For $y=1$ to be a double root, we must have $-5a(1)^4+4(1)^3-(1)=0$, so $a=\frac{3}{5}$. Putting this into the equation gives $$0=\frac{3}{5}-\frac{3}{5}y^5+y^4-y=-\frac{(y-1)^2}{5}(3y^3+y^2-y-3)=-\frac{(y-1)^3}{5}(3y^2+4y+3)$$

The quadratic $3y^2+4y+3$ has no real roots, so $a=\frac{3}{5}$ gives only 1 real root $y=1$ with multiplicity $3$.

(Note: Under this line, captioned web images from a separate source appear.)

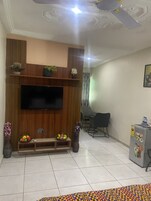 Suíte executiva, várias camas, vista para a cidade | Escrivaninha, quartos à prova de som, Wi-Fi de cortesia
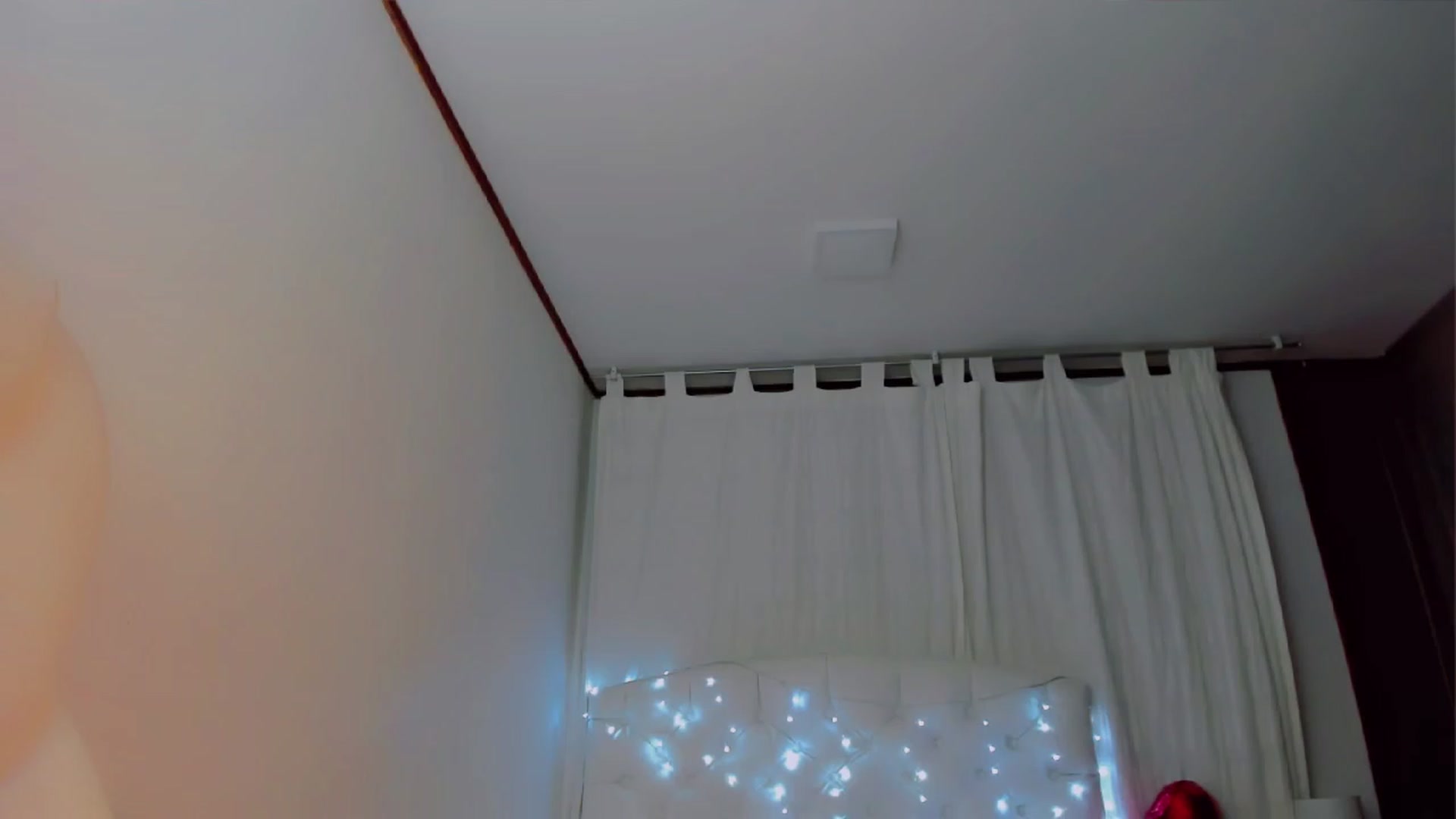 Gallery image thumbnail from Ninawv's myfreecams stream on, 02/28/2023, 24:01 image 7 of 20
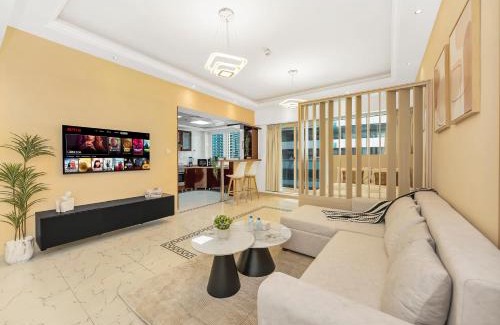 Dubai Marina Apartment | Spacious Home Near Metro & Beach in Dubai Marina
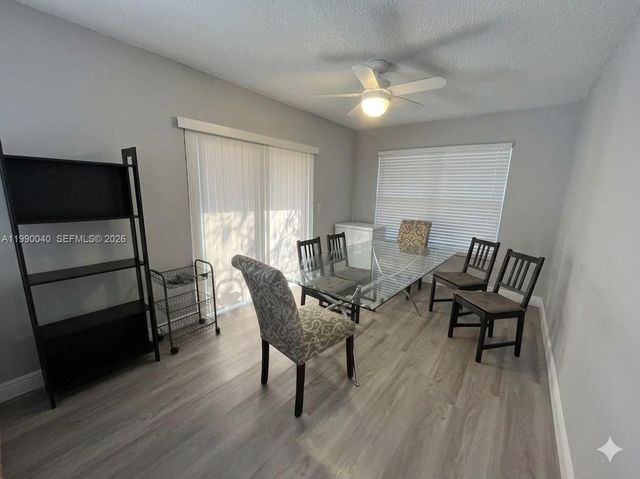 3931 SW 84th Ter, Davie, FL 33328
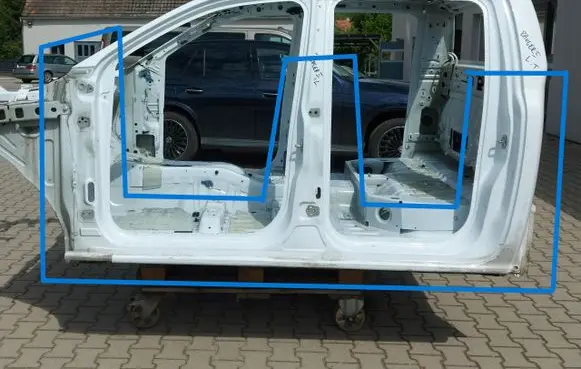 Ford Ranger IV Pillar (middle) 
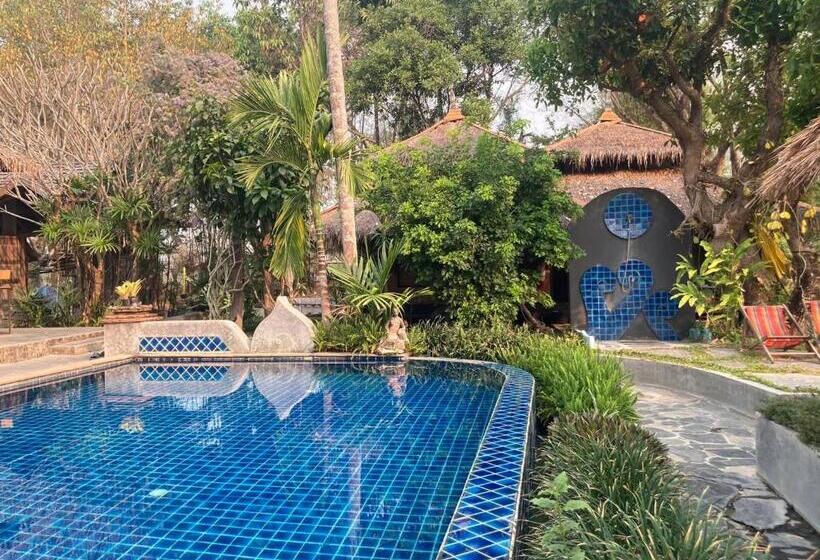 Hospedaria Buzzas @ Pai Chan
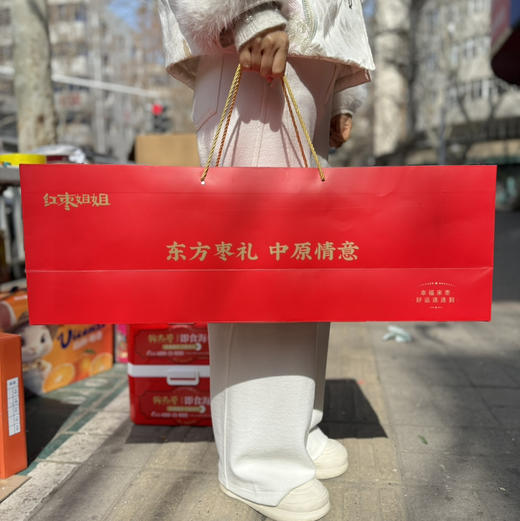 【高定滋补佳品好想你红枣湘莲银耳羹/免洗锁鲜枣】秋冬季养生，喝清菲菲冻干银耳羹，有清肺养血、滋阴化痰的功效，可谓是养生佳品！[爱心]＃好想你陪你四季养生每提2盒装，一盒14袋 商品图12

Consider $y \not =1$, then we can write $$a=\frac{y^4-y}{y^5-1}=\frac{y^3+y^2+y}{y^4+y^3+y^2+y+1}$$

We know that $y=1$ is a triple root at $a=\frac{3}{5}$, so this motivates us to consider

\begin{align} & \frac{y^3+y^2+y}{y^4+y^3+y^2+y+1} \leq \frac{3}{5} \\ \Leftrightarrow & 3y^4+3y^3+3y^2+3y+3 \geq 5y^3+5y^2+5y \\ \Leftrightarrow & (y-1)^2(3y^2+4y+3) \geq 0 \end{align}

The function $f(y)=\frac{y^3+y^2+y}{y^4+y^3+y^2+y+1}$ achieves the values $\frac{3}{5}$ and $0$ at $y=1, 0$ respectively, so $f(y)$ can take all values from $0$ to $\frac{3}{5}$ exclusive (remember $y \not =0, 1$) since $f$ is continuous.

Thus $\forall a \in (0, \frac{3}{5})$, there exists $y>0, y \not =1$ s.t. $a=\frac{y^3+y^2+y}{y^4+y^3+y^2+y+1}$, and $\forall a \in [\frac{3}{5}, \infty)$, $y=1$ is the only positive real root.